Provided data
○ ○ ○ ○

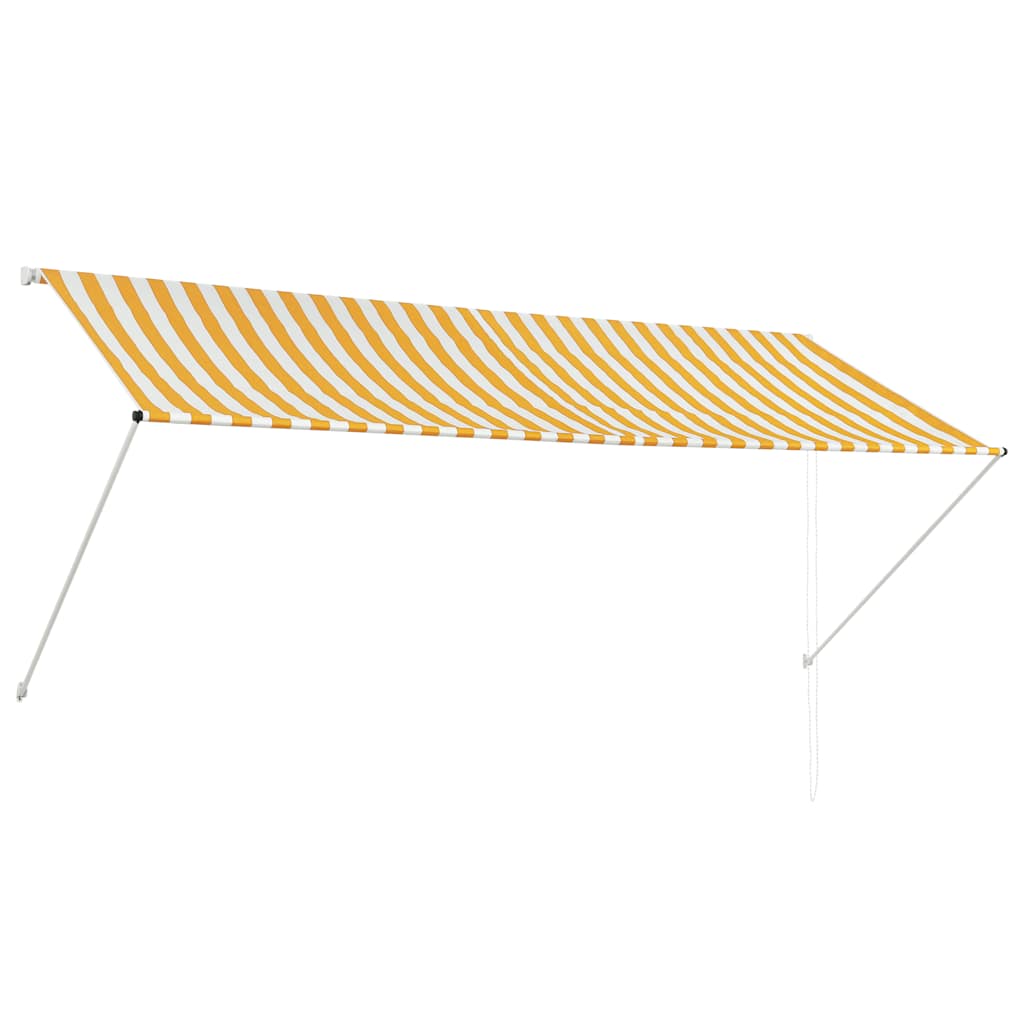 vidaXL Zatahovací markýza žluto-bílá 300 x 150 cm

○ ○ ○ ○

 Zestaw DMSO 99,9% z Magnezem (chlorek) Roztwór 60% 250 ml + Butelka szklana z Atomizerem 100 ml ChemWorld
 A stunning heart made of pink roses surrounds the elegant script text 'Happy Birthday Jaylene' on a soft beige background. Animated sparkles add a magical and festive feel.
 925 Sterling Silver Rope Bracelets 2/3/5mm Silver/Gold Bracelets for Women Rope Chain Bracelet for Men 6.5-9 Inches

○ ○ ○ ○

Instructions to follow
The required output is every line above from the one with "A stunning heart" down to the one with "925 Sterling Silver", restated word for word, ends included.

Response area
 A stunning heart made of pink roses surrounds the elegant script text 'Happy Birthday Jaylene' on a soft beige background. Animated sparkles add a magical and festive feel.
 925 Sterling Silver Rope Bracelets 2/3/5mm Silver/Gold Bracelets for Women Rope Chain Bracelet for Men 6.5-9 Inches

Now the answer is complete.